Mireille Guiliano begins her book French Women Don't Get Fat with this story: She went on an exchange to America. She got fat. After returning to France, she relearned how to eat, the French way.
I did the opposite: The year before I was a senior in high school, I went on an exchange to France. I got skinny. When I returned to America, I felt great, looked great, and received high praise. That post-France pinnacle of svelteness is where my troubles with food began in earnest. Any more pounds represented failure, a deviation from "my best self." I began eating emotionally. I gained 10 pounds.

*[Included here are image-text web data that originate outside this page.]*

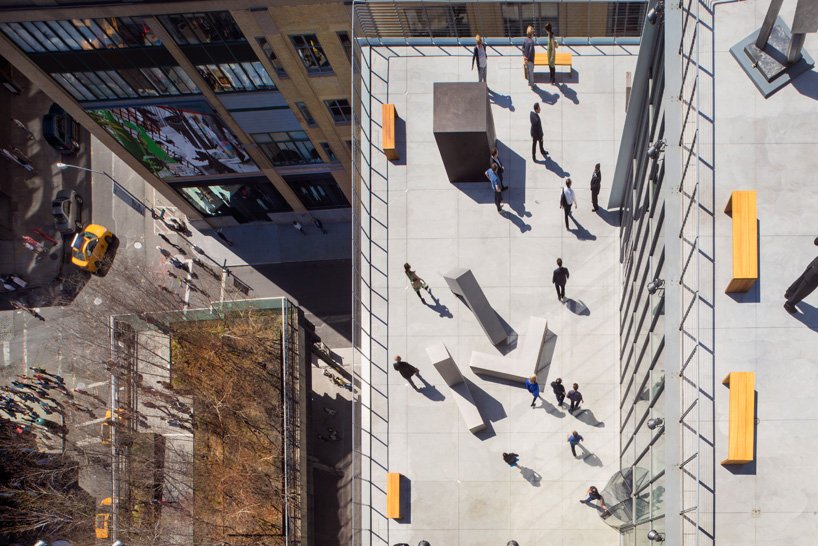 Στο νέο κτίριο του Whitney Museum στη Νέα Υόρκη -Αλλάζοντας τη συνύπαρξη τέχνης και πολίτη [εικόνες] | iefimerida.gr 4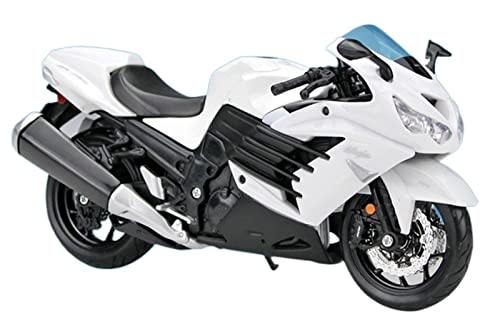Cadeau Souvenir Moto Miniature Kawasaki Ninja Idée Collection Homme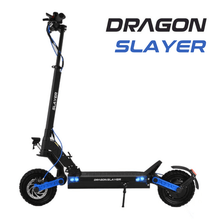 Load image into Gallery viewer, DRAGON SLAYER - DUAL 800W MOTORS AUSTRALIA’S BEST ELECTRIC SCOOTER
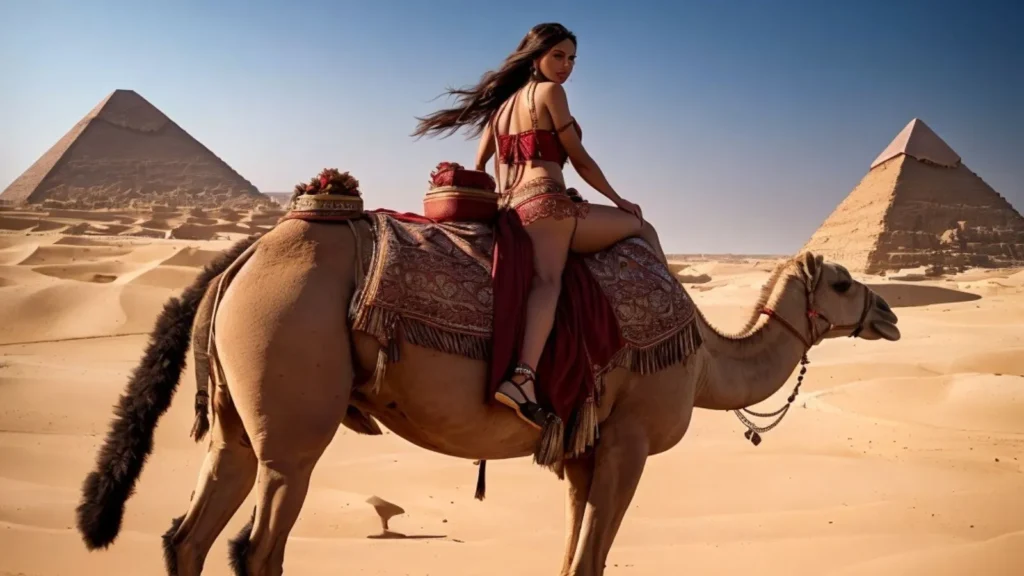 Flirty Dromedary Pick Up Lines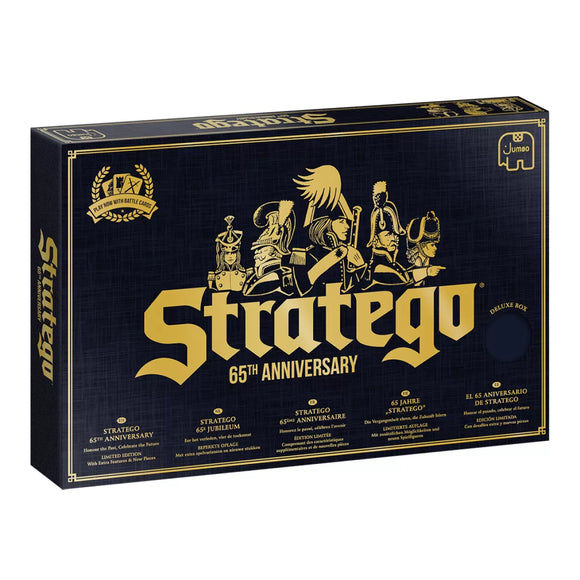 Stratego: 65th Anniversary Edition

At New Year's I decided to get serious about getting back to the "right" size. In good-student fashion, I read reputable books and magazines and followed all the rules. I was the ideal dieter. I ran and lifted weights. Mathematical tricks of weight-loss became second nature: The calories in an apple (small, medium, or large); which foods satisfy most for the fewest calories (pancakes are great for this). I steadily lost 1.5 pounds a week for eight weeks and was in better shape than ever. My dieting was officially healthy, nutritionally balanced, and utterly obsessive.
BODY-IMAGE TROUBLE seems to be rampant in America: An estimated 80 million people will go on a diet this year, many eating in a literally "disordered" way without realizing it; 80 percent of American women and 45 percent of American men are dissatisfied with their bodies; 24 percent of women and 17 percent of men say they would give up more than three years of their life to attain their weight goals. Diets fail to produce long-term results as much as 95 percent of the time, according to the National Eating Disorders Association.